"I s'pose it's a long way to your telephone, too."
"Telephone!" Peggy repeated. She looked at Miss Potts so blankly that Mary's caretaker had no alternative but to explain.
"Her pa had it put in for a surprise. It's right beside her bed, and the little thing it stands on moves 'round, so she can talk without any trouble. He thought it would be a comfort to her, for she could chat with all her friends, and sort of keep up with things."
"Why, yes," said Peggy, feeling uncomfortable. "I should think she'd get lots of fun out of it." She was remembering that Mary had called her up—it was weeks or months, or was it fully a year before—to tell her about the new telephone. There had been an eagerness in Mary's voice that she remembered vividly. Peggy had agreed that it was "splendid," without realizing just what this link with the outside world would mean to a girl shut out from so much.
Miss Potts indulged in an unmusical laugh. "Oh, yes," she said. "She gets lots of fun. Every now and then she gets a call. There's so many new girls on the telephone exchanges nowadays, that they're bound to give her number every little while. And then she tells 'em it's the wrong number and rings off."

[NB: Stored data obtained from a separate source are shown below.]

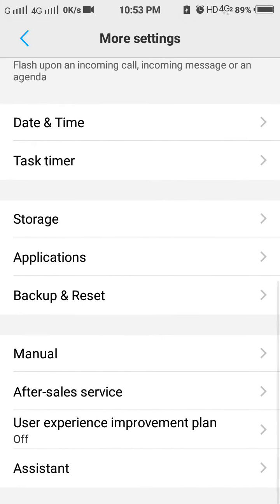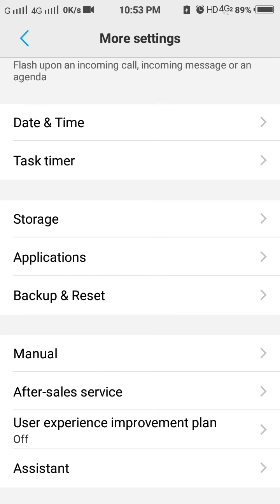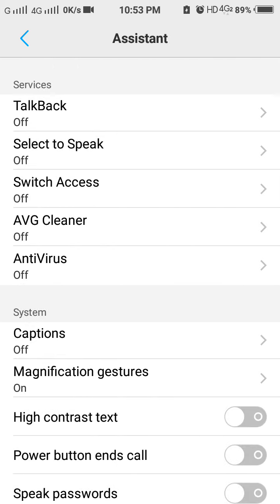Slide down and go to Assistant. In More Settings, go to Assistant and here you can see Magnification Gesture. Click on it — now your magnification gesture is successfully turned off.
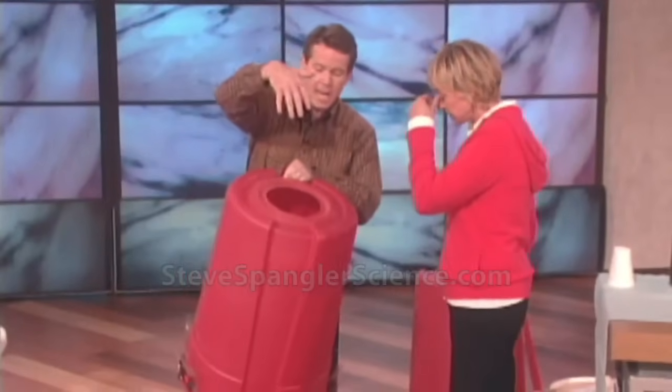But this is even cooler. At Halloween time, if you put smoke in here, I'll show you what it looks like.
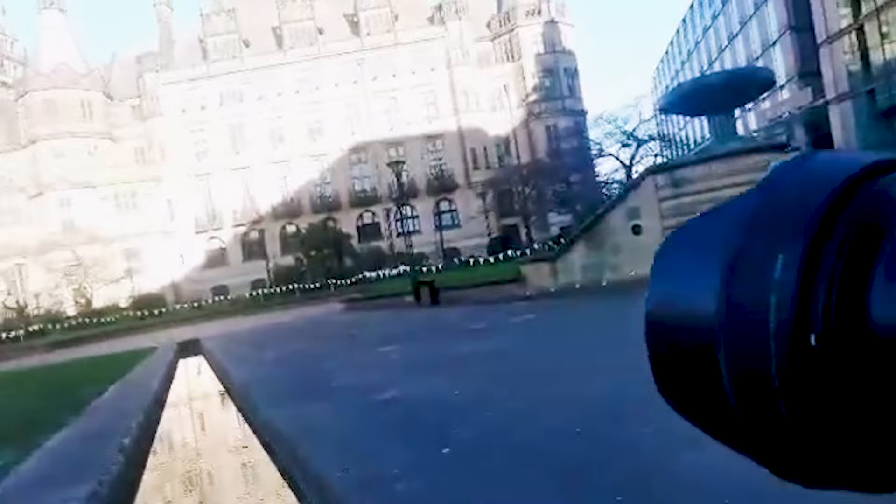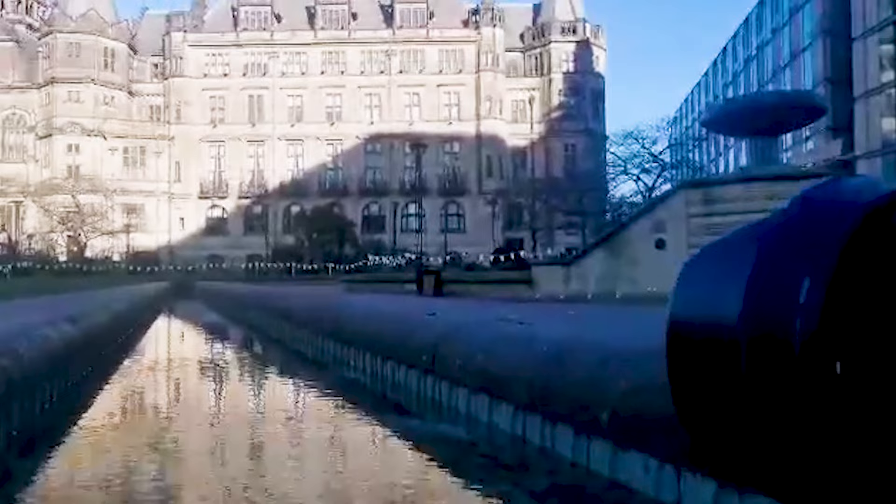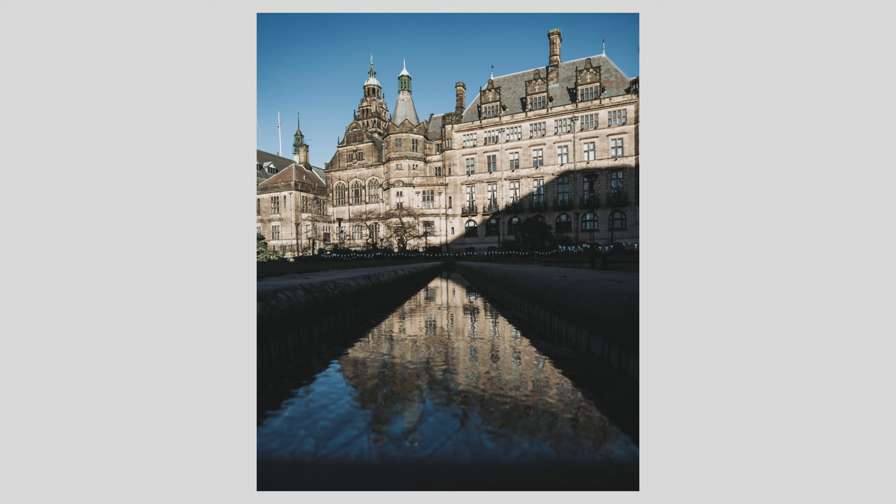I'm able to just mount it, press record and not worry about it. Today in Sheffield I was doing some street photography for an upcoming video and it just shows a new perspective on the behind the scenes. It might not be the most interesting angle but it means you can show the before and after to people on Instagram, and it effectively turns your photo into a mini video. This could be a reel very easily on Instagram.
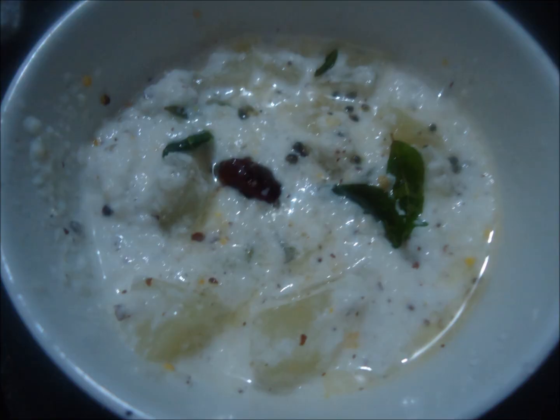Add this tempering to our Pachadi. Pachadi is ready. Thank you.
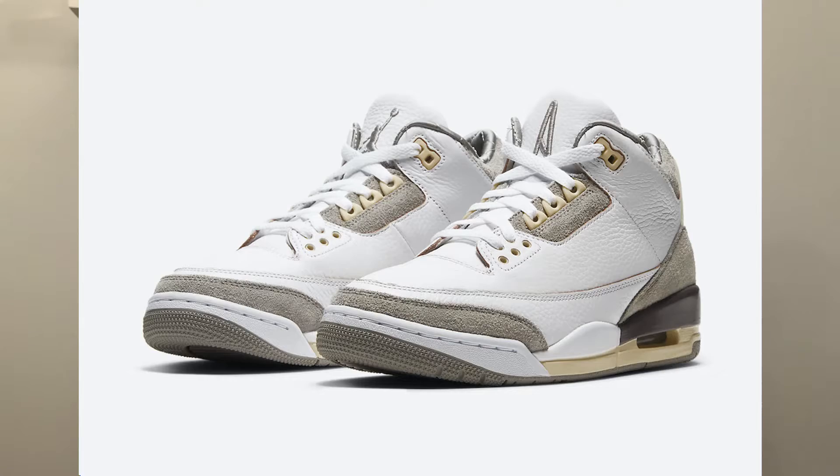What's up guys, MojoCakes here back with another video. Today I'll be telling you guys how to cop the new Ama Maniere Jordan 3 on Nike SNKRS. Let's get right into it.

Peggy's face was a study. "Do you mean that she—that no one—"
The aggressiveness suddenly disappeared from Miss Potts' manner. Her eyes filled with tears.
"It's the heart-breakingest thing I ever want to see," she cried. "She was so hopeful at first. As soon as that telephone was put in, she called up everybody she knew, to tell 'em about it. And then she'd lie there smiling, watching that phone, as if it was something out of a fairy book and was going to bring her all kinds of happiness."
Peggy's imagination was a vivid one. As Miss Potts spoke, she could almost see Mary's smiling, expectant face. A pang of sympathy stabbed her tender heart.